The previous few novels tried my patience sorely, with their extravagant South Seas and South American fantasy plots, but with The Weight of the Evidence Innes has come home—to a murder committed in an academic setting. This time it’s an imaginary provincial university of the second tier. A professor, sitting in the sun in a quad, has had a meteorite drop on him (not from the sky, from a university tower). Appleby is called in to assist the local constabulary in detecting.
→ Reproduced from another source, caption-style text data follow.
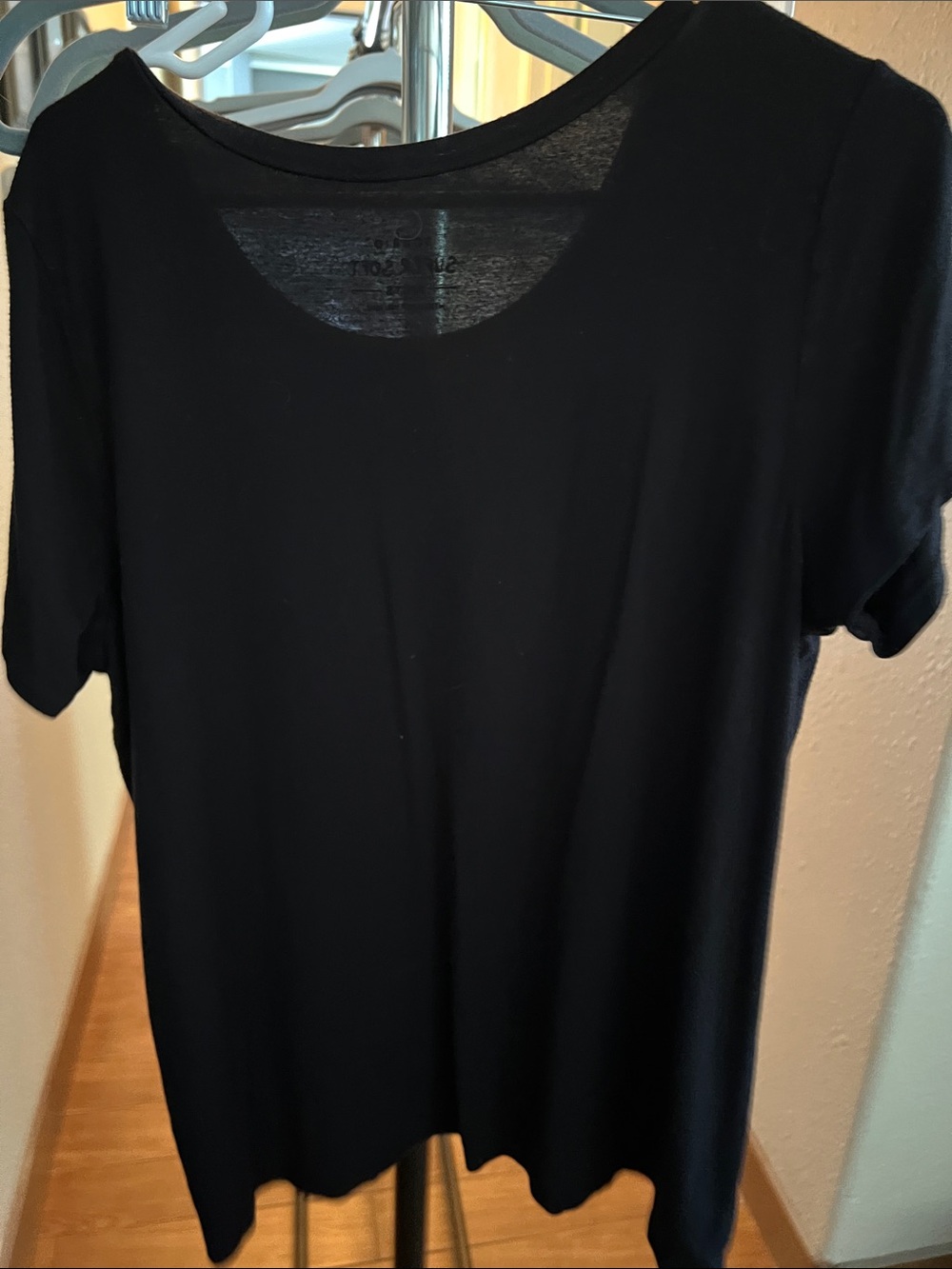 torrid Black Super Soft Scoop Neck Short Sleeve Tee - Picture 3 of 3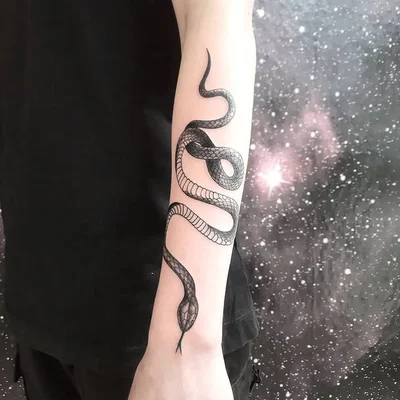 Space Tattoo Duisburg tattoo 013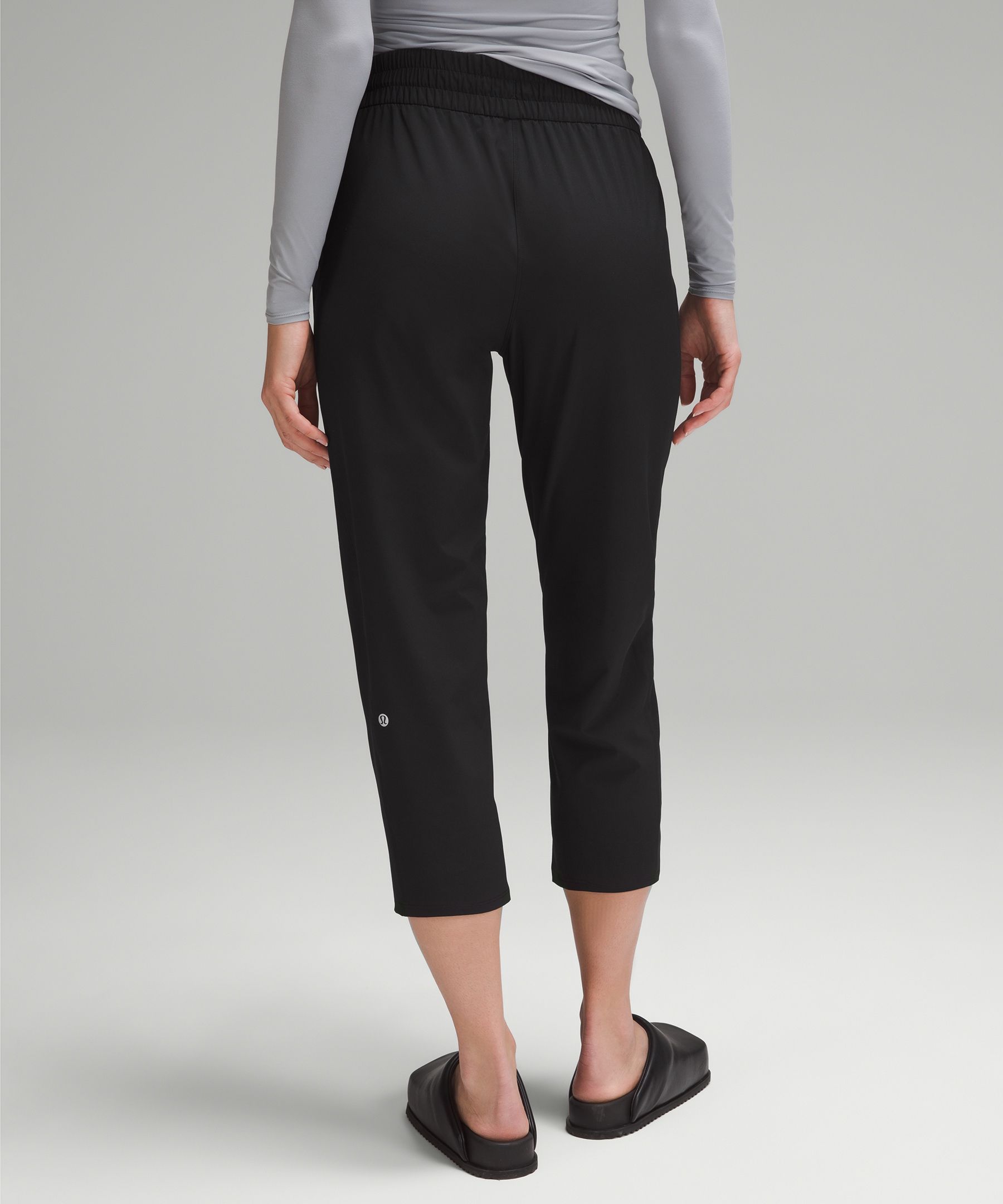 Pull-On Mid-Rise Tapered-Leg Cropped Pant 23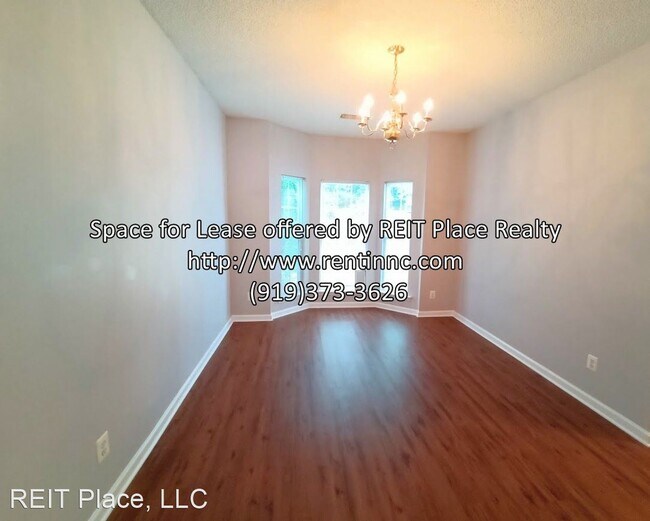 Foto del edificio - 3 br, 2.5 bath House - 1023 Lake Moraine Pl.
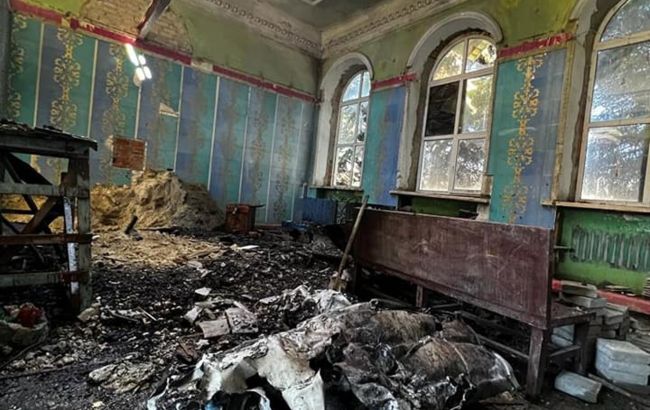 Ранковий обстріл Куп'янська: в місті спалахнув залізничний вокзал (фото)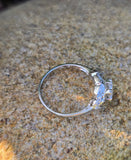 platinum filigree c.1920's Art Deco diamond estate ring Hold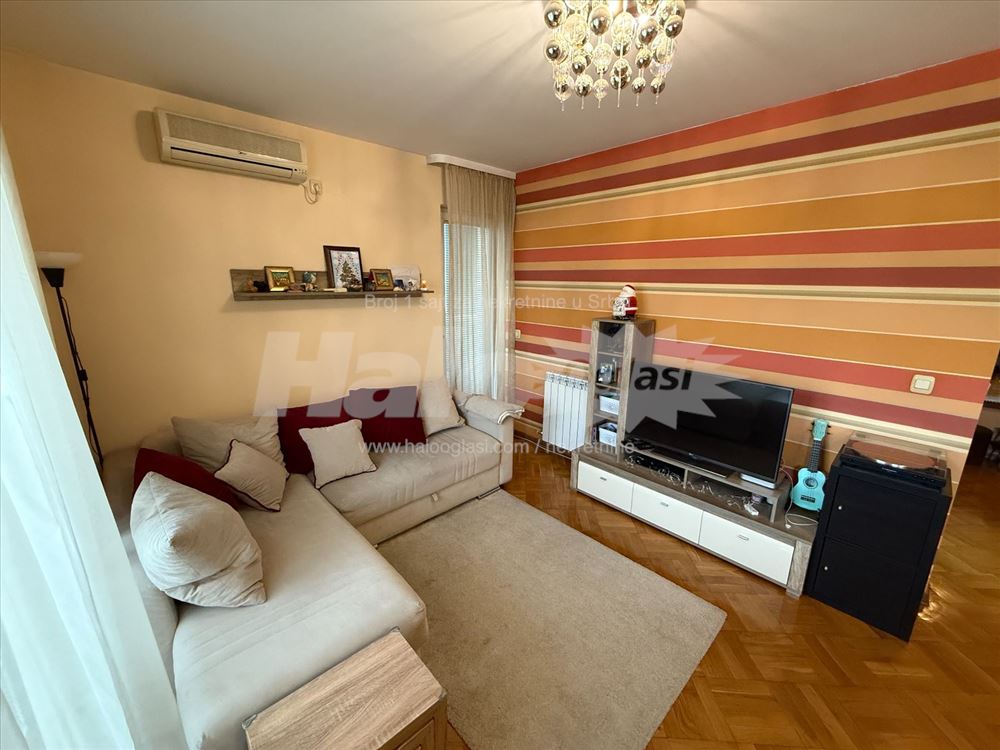 Vračar 2.0, 42 m2 — 5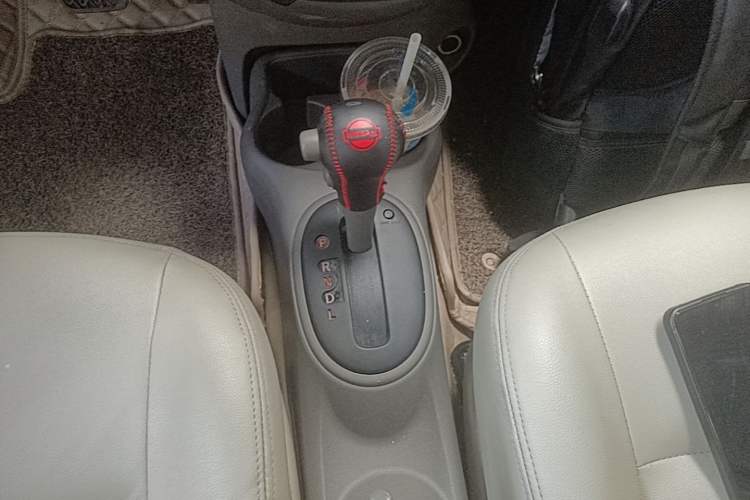 Used Nissan Sunny 2015 1.5XE CVT Comfort Edition Gear Lever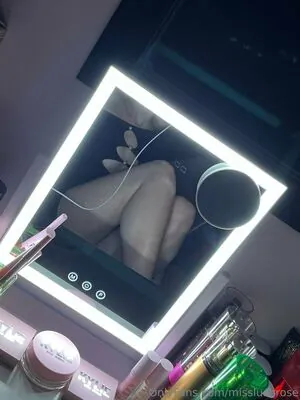 Misslushrose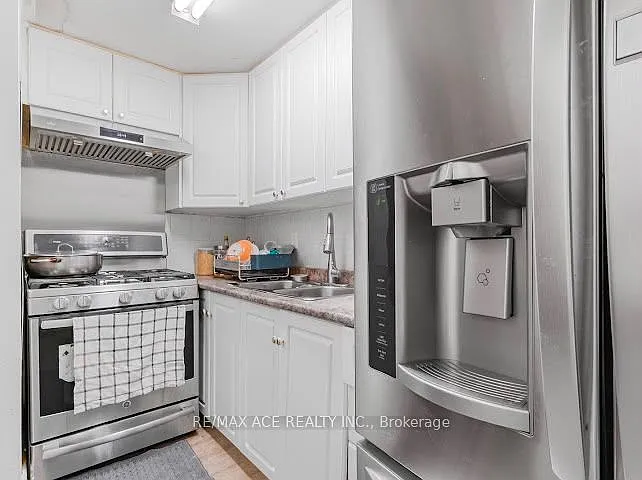 2 bed, $2,000 — Photo 4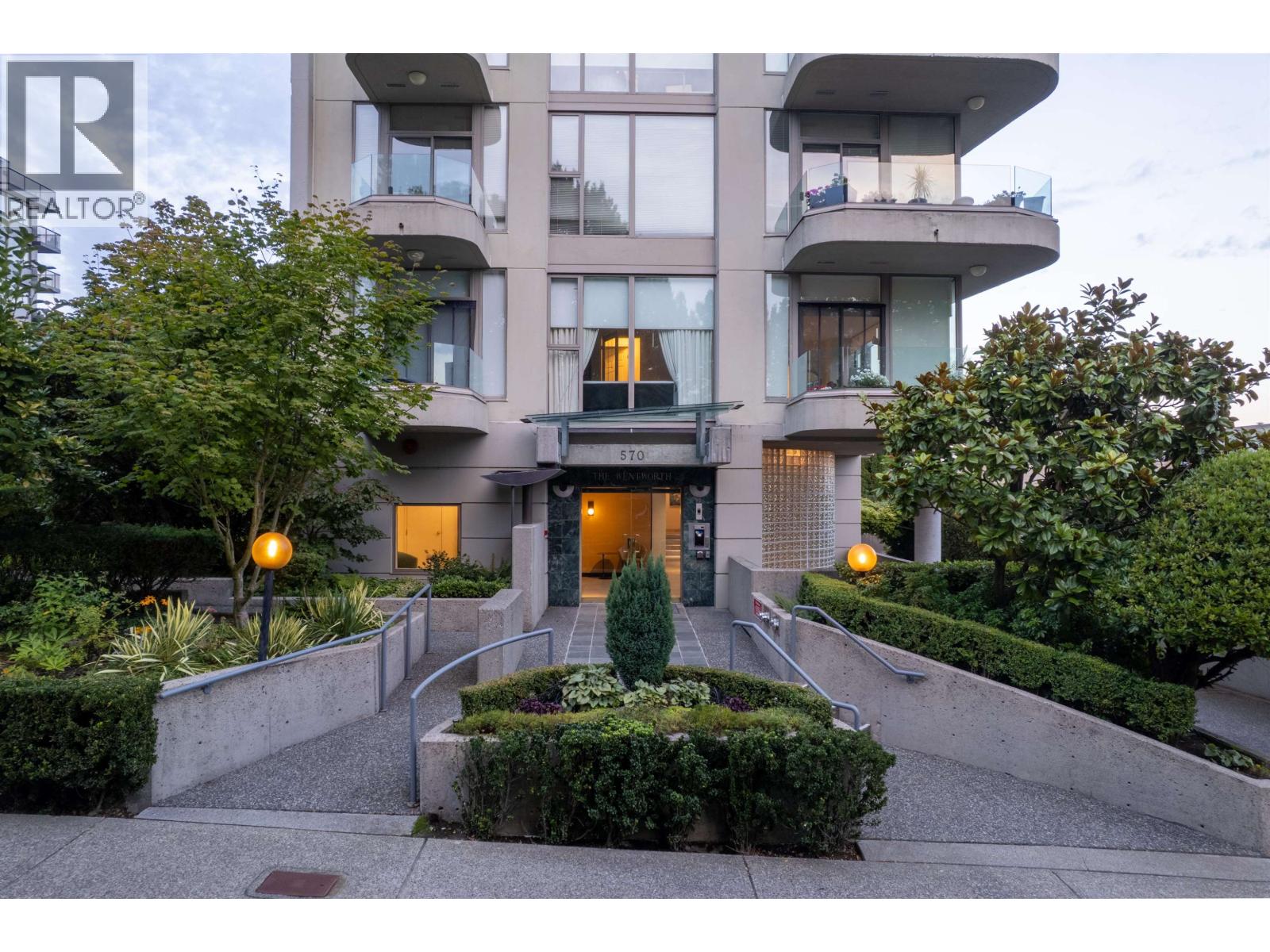 502 570 18th Street, West Vancouver, British Columbia  V7V 3V7 - Photo 3 - R3162237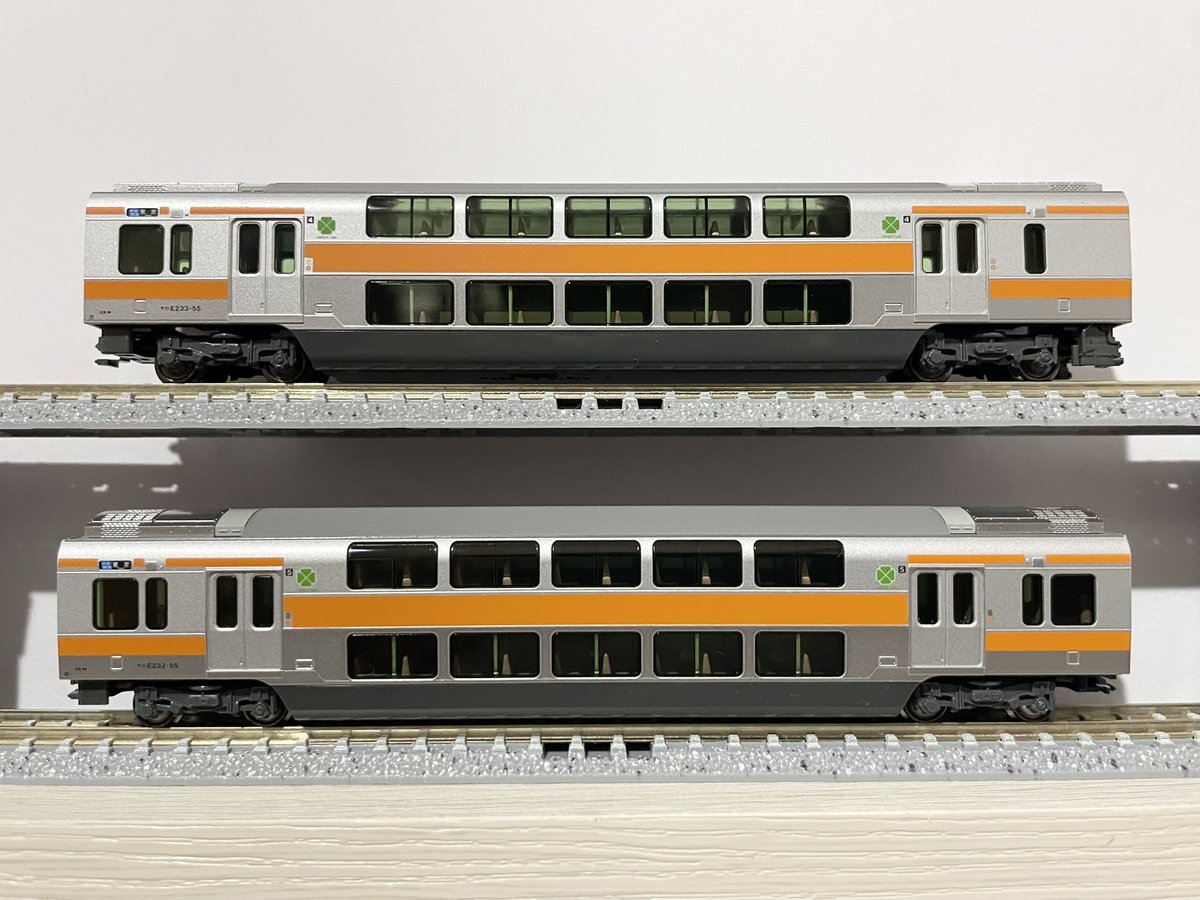 入線｜KATO 10-2077・2078・2079 E233系中央線（T編成・グリーン車組込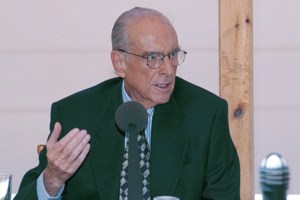 Τιμή ρεκόρ για τα γυαλιά του Ανδρέα Παπανδρέου σε δημοπρασία: Πουλήθηκαν για 25.000 ευρώ [εικόνες] - εικόνα 2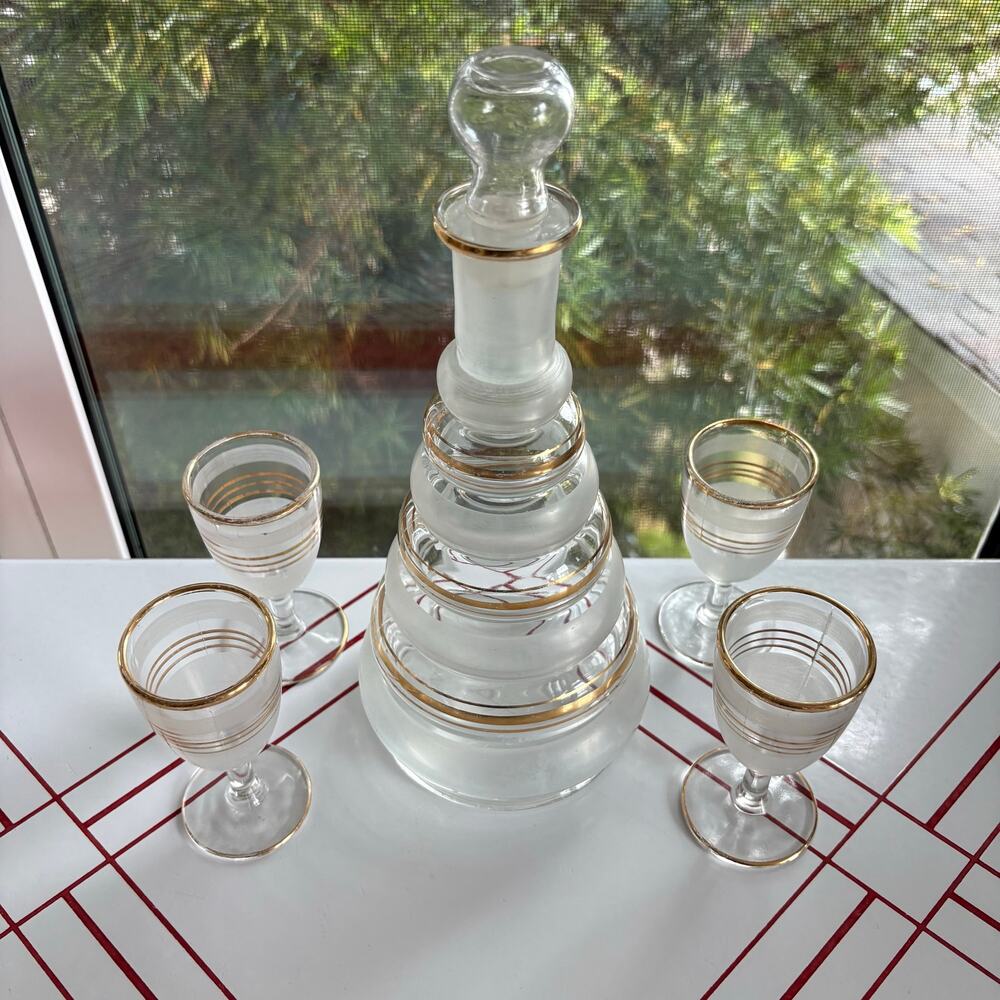 Vintage Frosted Glass Beehive Decanter Set With 4 Gold Banded Cordial Glasses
Innes himself (in reality, J. I. M. Stewart) was a don, so he loves erudite chitchat and plots based on obscure scholarly points. This story has a wealth of intellectual characters (too many for some readers, but I didn’t have trouble remember who was who, perhaps because I was reading in paperback), most of whom had opportunity and more or less motive to commit the crime. Innes also has a remarkably sharp eye for social nuance, which adds to the fun for me. Appleby often seems to be pursuing his detection in a random and inconsequential manner, but in this story we got to see his notes near the end, where he lays out the key elements of the mystery. Even then I was baffled, so the dénouement surprised me and I was happy to chalk up one for Innes. All I will tell you is that nothing is as it seems.
Some people find the academic waffle a bit much, but I ate it up with a spoon. This gave me everything I want in a detective novel—weird characters, tangled method, and a resolution I didn’t see coming.